Aller au contenu

Page:Henriet - Le paysagiste aux champs, 1876.djvu/183

La bibliothèque libre.
Le texte de cette page a été corrigé et est conforme au fac-similé.
146
LE PAYSAGISTE AUX CHAMPS.


Les uns ont des cervelles de papillons et des tempéraments de moineaux francs. Ceux-ci veulent tout sentir, tout exprimer à la fois, et la surabondance d’une sève mal réglée devient la cause de leur avortement. Ceux-là, dupes des mirages de leur imagination, apportent, dans leurs désirs, une mobilité d’écureuil. F. Bonvin, — talent solide doublé d’un esprit sagace, — juge d’un mot tous ces aimables étourdis qui gaspillent follement des dons précieux : « Ils ont, pour leur malheur, dit-il, le sentiment de l’art sans en avoir la raison. »

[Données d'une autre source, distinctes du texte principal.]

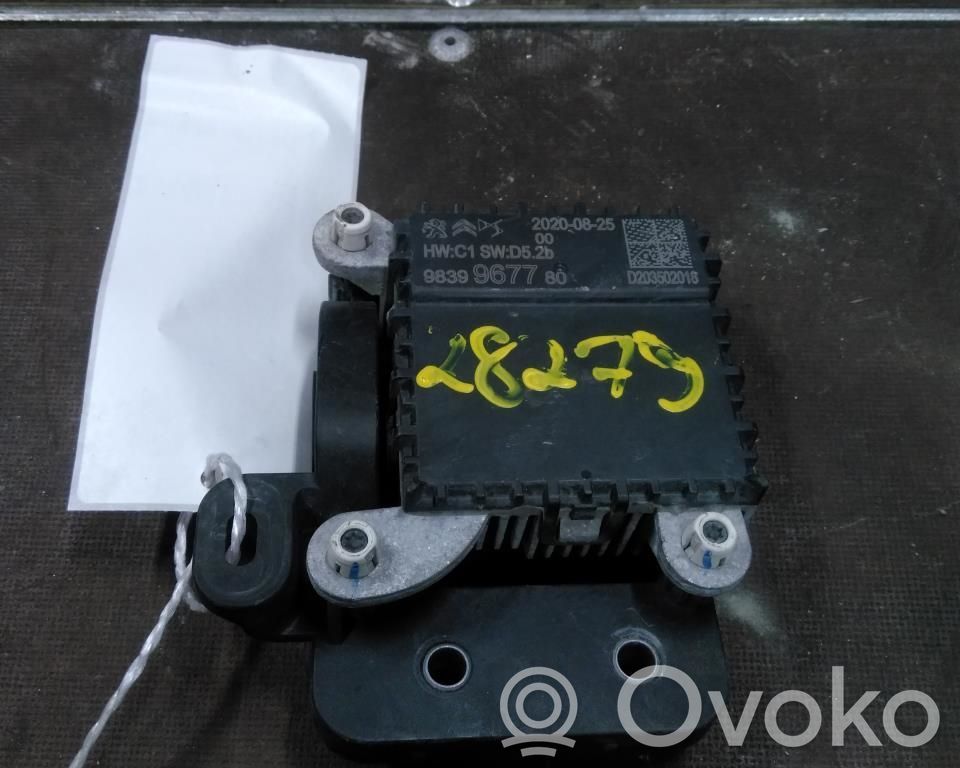 Peugeot 2008 II Senzor radar distronic 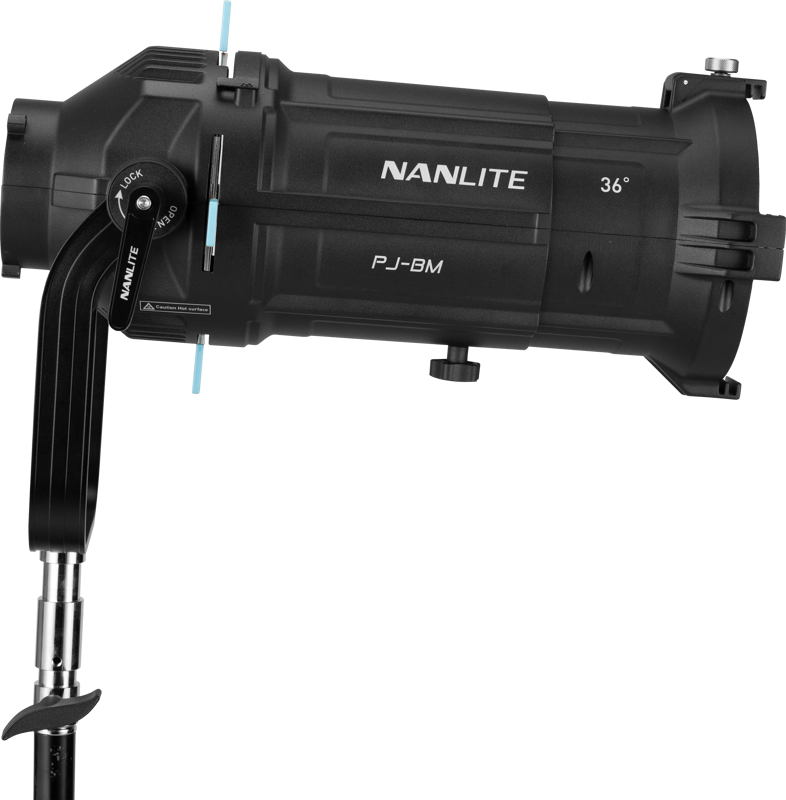 Nanlite Projector Mount for Bowens mount w/ 36° lens
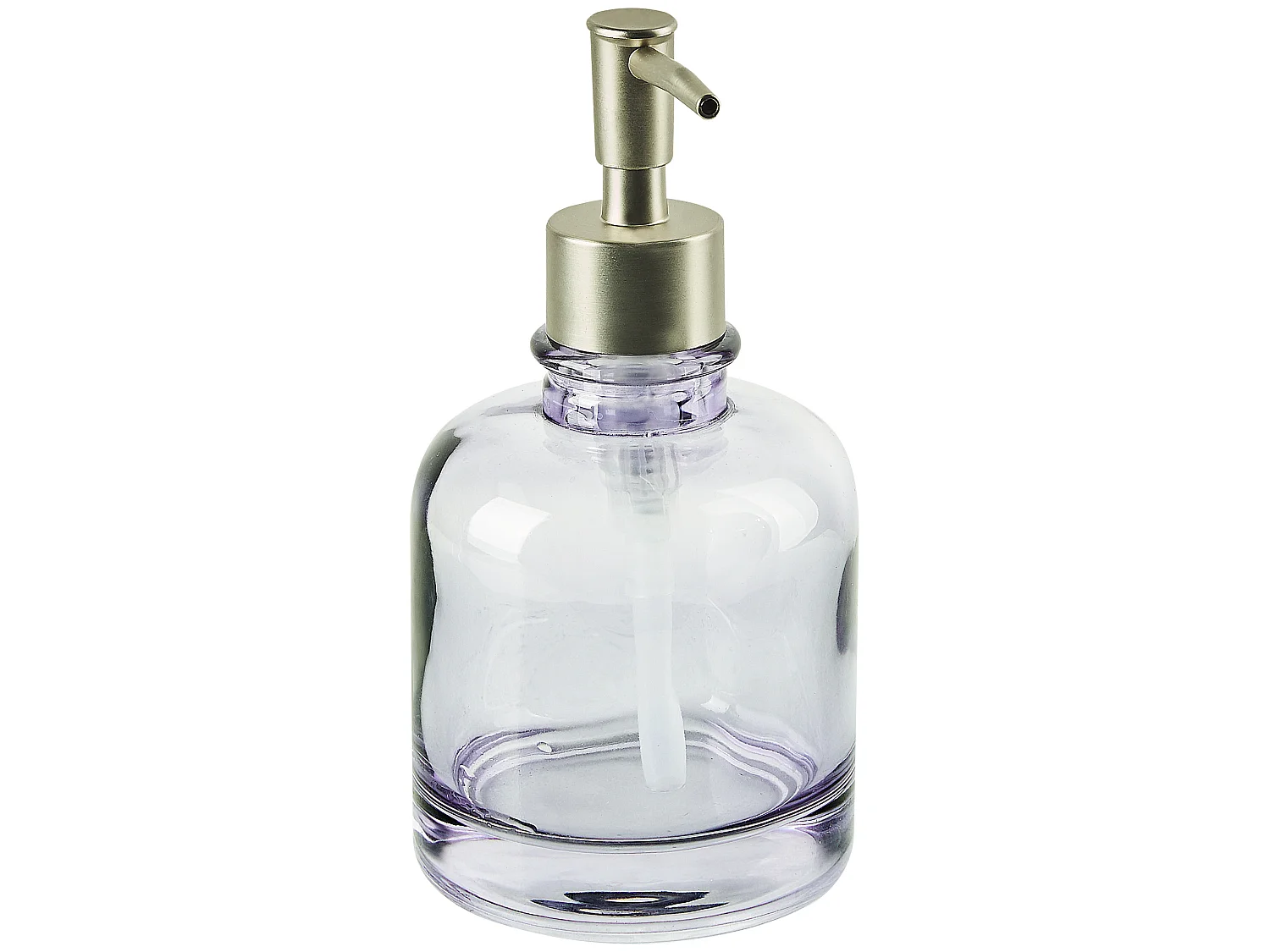 4-delige badkameraccessoireset TELMA Glas Paars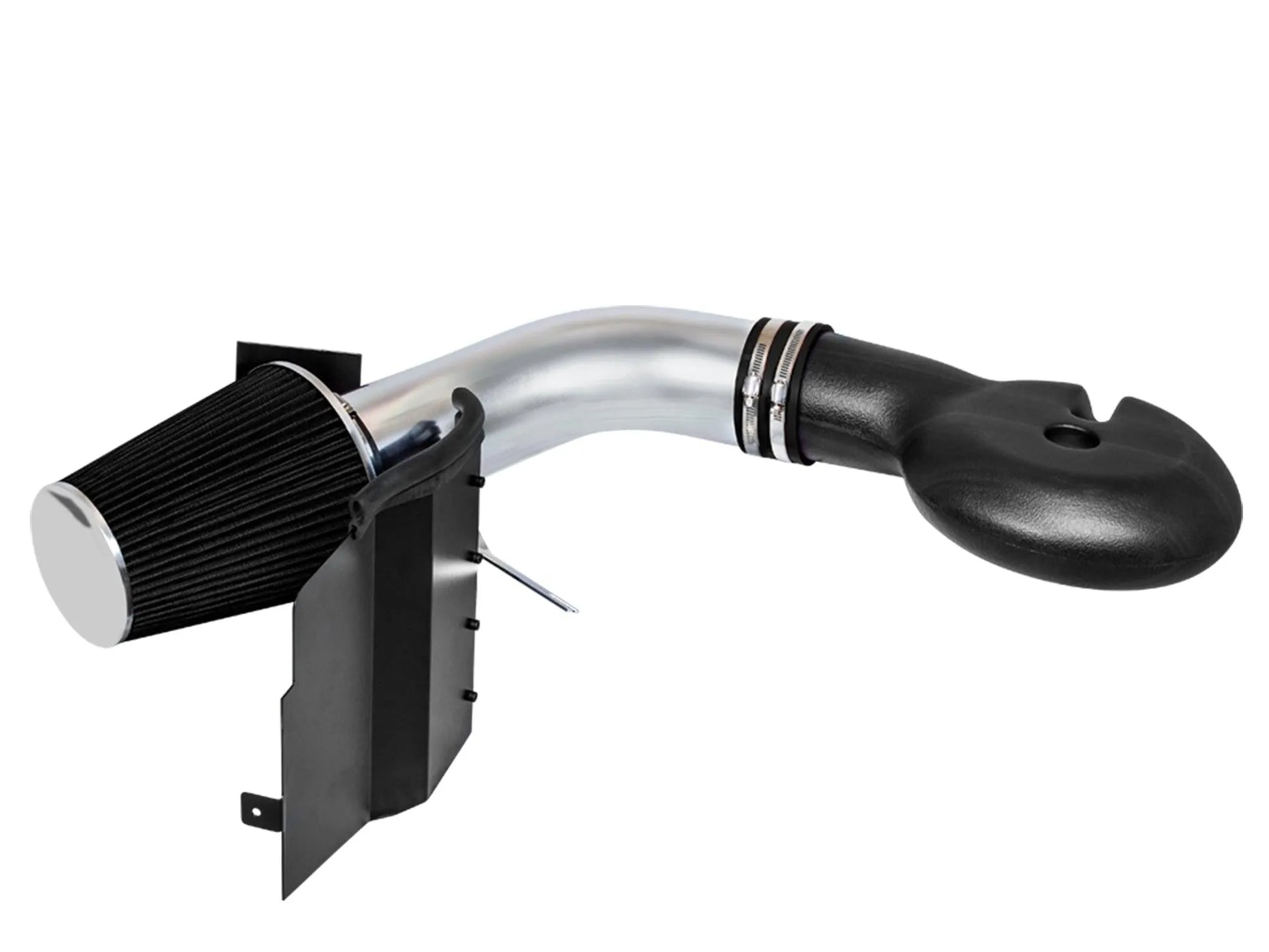 HI-DG-01CK Black heat shield intake - gallery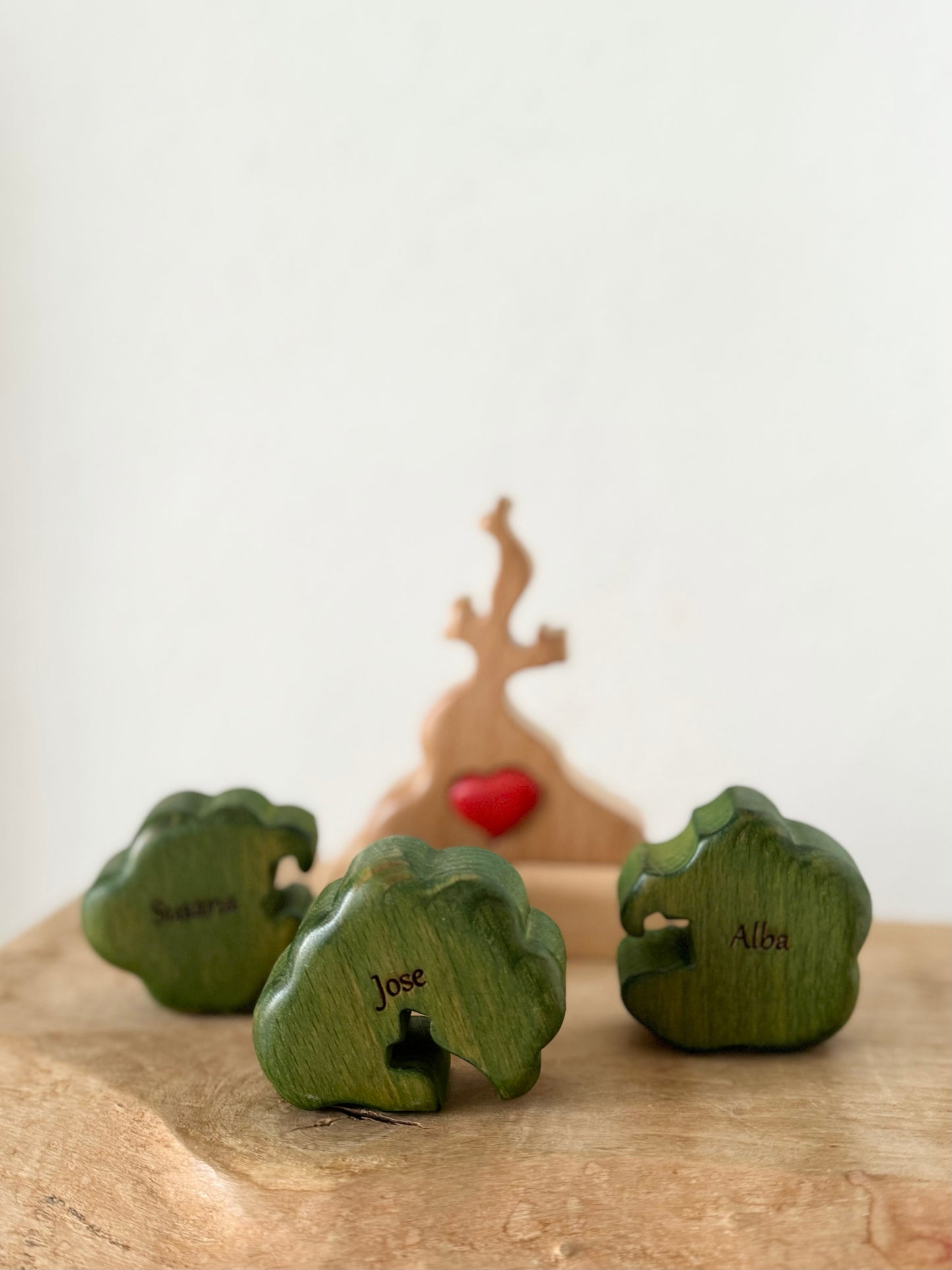 Árbol pequeño de 3 nombres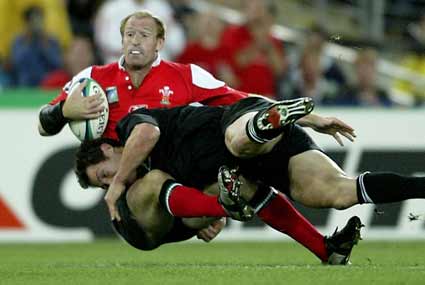 Gareth Thomas(Gales Vs Nueva Zelanda
)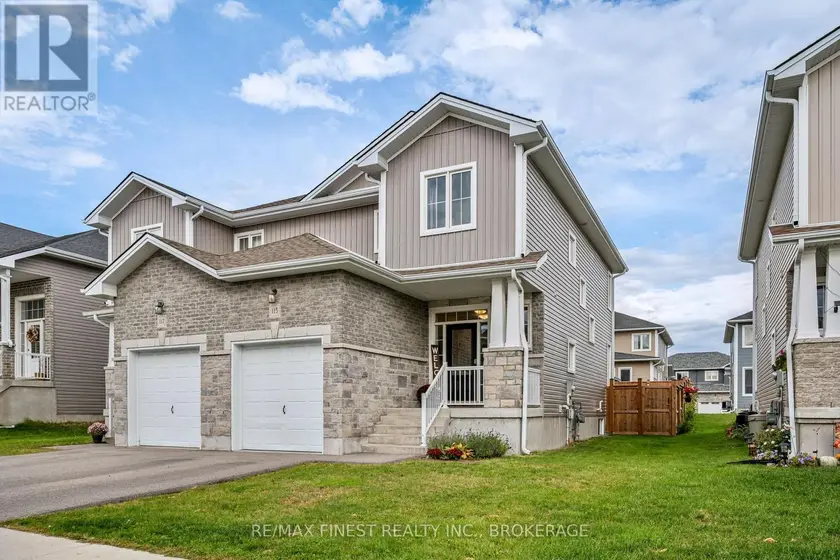 Semi-Detached/Link at 115 DR RICHARD JAMES CRESCENT, Loyalist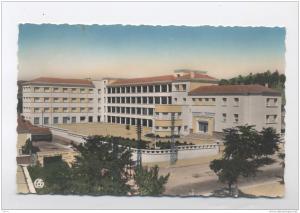 TIARET - Le lycée Ibnon-Roustoum --SCAN RECTO/VERSO-Y1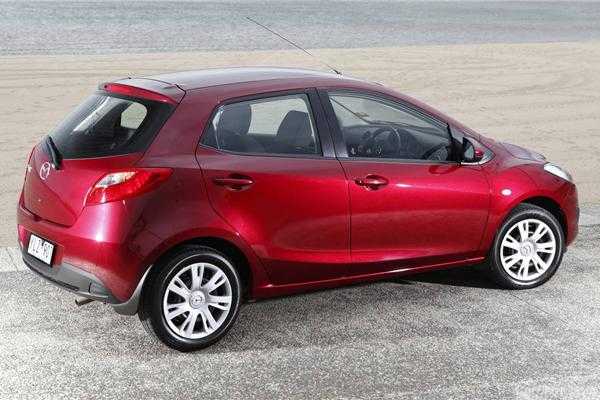2012 MAZDA MAZDA2 5D HATCHBACK NEO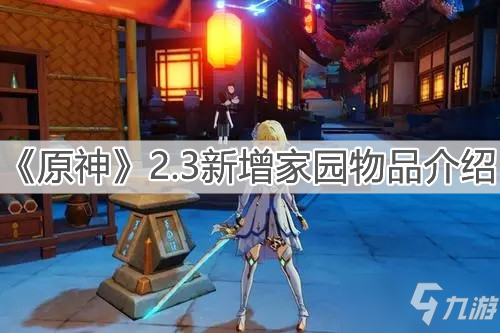 《原神》2.3新增家园物品介绍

Souvent, c’est l'excès d’une qualité poussée jusqu’à une acuité morbide qui les condamne à l’impuissance. Une délicatesse de goût trop subtile ; une soif de perfection trop exigeante les empêche de passer des énervements voluptueux du rêve aux labeurs de la réalisation. Ils ne conçoivent que des intentions de tableaux. Ces incurables rêveurs ne peuvent pas aller au delà d’une vague et débile ébauche, et leur œil s’hallucine à force de s’y complaire.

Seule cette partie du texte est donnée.